So I don't really consider myself "psychic" but I really wish to meet someone who's experiencing the same things as me because I don't know what to do. When I said I predict the not so eventful future, I meant that I don't predict who's going to die next, but just plain old small things that if I ever tell someone, I'm afraid they think I'm joking.
Here's an example. I sometimes have this odd feeling that something is going to happen and I just keep waiting for it. Then sometimes I see it happen right in front of my eyes, but not so clearly as in I don't see the faces etc. One time, when I was in the store I work in, I saw something fall on someone and a couple of seconds later I heard a scream and one of our graphics fell on one of my co workers. She wasn't hurt or anything but I really got creeped out.
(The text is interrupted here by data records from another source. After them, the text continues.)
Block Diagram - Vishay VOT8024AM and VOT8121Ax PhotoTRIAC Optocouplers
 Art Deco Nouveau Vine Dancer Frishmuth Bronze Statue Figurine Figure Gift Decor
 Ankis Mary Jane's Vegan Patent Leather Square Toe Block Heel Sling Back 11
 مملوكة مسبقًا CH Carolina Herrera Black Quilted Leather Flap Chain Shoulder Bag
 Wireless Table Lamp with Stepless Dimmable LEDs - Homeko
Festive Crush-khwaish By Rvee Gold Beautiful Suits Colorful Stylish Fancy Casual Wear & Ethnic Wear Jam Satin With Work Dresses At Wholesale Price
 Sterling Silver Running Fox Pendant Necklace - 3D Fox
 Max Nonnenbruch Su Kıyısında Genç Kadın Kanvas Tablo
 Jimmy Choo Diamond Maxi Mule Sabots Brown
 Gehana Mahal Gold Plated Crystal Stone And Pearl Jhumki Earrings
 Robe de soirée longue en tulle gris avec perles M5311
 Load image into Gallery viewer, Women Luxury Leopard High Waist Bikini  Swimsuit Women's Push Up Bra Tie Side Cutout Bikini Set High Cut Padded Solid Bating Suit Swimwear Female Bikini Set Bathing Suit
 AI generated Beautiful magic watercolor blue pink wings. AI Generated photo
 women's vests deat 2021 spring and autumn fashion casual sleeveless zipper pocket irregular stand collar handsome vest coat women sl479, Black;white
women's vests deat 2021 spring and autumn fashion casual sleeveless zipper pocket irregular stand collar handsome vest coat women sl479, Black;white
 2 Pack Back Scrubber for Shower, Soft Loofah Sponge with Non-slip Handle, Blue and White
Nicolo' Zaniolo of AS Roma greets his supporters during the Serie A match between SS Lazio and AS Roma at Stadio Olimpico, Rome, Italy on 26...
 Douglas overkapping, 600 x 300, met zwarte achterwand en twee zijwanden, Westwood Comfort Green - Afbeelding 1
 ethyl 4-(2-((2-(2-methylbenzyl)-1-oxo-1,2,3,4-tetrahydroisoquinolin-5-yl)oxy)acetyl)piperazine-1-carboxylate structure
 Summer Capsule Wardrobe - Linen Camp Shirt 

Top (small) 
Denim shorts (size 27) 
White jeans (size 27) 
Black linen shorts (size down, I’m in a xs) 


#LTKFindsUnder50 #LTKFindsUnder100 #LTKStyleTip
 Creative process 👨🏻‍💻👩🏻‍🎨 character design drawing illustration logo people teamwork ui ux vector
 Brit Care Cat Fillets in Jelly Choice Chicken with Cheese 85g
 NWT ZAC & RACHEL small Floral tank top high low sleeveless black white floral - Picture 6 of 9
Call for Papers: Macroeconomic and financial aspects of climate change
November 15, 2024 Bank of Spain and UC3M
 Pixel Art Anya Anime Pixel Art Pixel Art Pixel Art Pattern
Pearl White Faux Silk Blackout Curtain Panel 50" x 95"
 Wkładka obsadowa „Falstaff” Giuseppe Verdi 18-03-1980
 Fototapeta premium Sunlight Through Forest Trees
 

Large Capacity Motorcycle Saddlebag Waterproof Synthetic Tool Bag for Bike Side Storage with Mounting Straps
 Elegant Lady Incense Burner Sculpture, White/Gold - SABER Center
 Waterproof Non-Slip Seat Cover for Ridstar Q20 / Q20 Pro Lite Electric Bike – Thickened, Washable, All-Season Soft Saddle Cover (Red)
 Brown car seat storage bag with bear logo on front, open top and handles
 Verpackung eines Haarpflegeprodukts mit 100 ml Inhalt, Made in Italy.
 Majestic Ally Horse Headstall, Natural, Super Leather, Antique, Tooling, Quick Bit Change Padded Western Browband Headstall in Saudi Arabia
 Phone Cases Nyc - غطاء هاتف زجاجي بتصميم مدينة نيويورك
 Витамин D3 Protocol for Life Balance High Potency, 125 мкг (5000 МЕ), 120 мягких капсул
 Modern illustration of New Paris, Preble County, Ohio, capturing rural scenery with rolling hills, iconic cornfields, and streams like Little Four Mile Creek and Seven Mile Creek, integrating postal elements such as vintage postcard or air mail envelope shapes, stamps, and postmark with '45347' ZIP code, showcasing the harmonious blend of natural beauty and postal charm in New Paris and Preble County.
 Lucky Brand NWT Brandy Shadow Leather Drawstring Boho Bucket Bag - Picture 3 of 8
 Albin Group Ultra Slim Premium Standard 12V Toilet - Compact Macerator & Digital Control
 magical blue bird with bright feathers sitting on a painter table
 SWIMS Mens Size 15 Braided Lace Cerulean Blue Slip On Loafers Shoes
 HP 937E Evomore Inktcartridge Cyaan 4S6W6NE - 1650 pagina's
One other time, I was checking myself out in the mirror and said, 'I'm going to see my boyfriend today' kind of unconciously and then when I realised what I said, I brushed it off because I knew he had stuff to do. Then an hour later, I went to check my mobile and found a text from him asking to hang out.
Another experience is that ever since I started my job, I always saw another co worker of mine fighting or arguing with someone and it was highly unlikely because she's always laughing and joking around. Just a month ago, there was a customer who lost her ring and she accused her of stealing it and she was so angry. They started arguing and she was yelling "You should be ashamed of yourself, calling me a thief!"
Other normal stuff like this happen to me like, one time I was on the bus, and I knew that this specific song was going to play at some point and when I almost reached my destination, this song started to play. Or else when we changed the music that plays in our store, I knew that there was a song by this artist and a few hours later a song from his started to play.
I also experience a lot of "de ja vu". At one point I dreamt about being in a class sitting next to this girl I used to hang out with during the weekends. I knew it was impossible because we didn't even go to the same school together but 2 years later, we ended up being in the same school and in the same class sitting exactly the way I was in the dream.
Sometimes I also feel like I have already been through certain moments, for an example, I am in a group conversation and I would already know what they're about to say because I've heard it before but it wasn't in a dream. I don't even know when or where I've heard it.
I don't know whether this was the best site to turn to because I'm certainly not psychic, I mean I don't predict anything worth anything. I don't know who to talk to because I want someone who can be serious and not think I'm talking nonsense.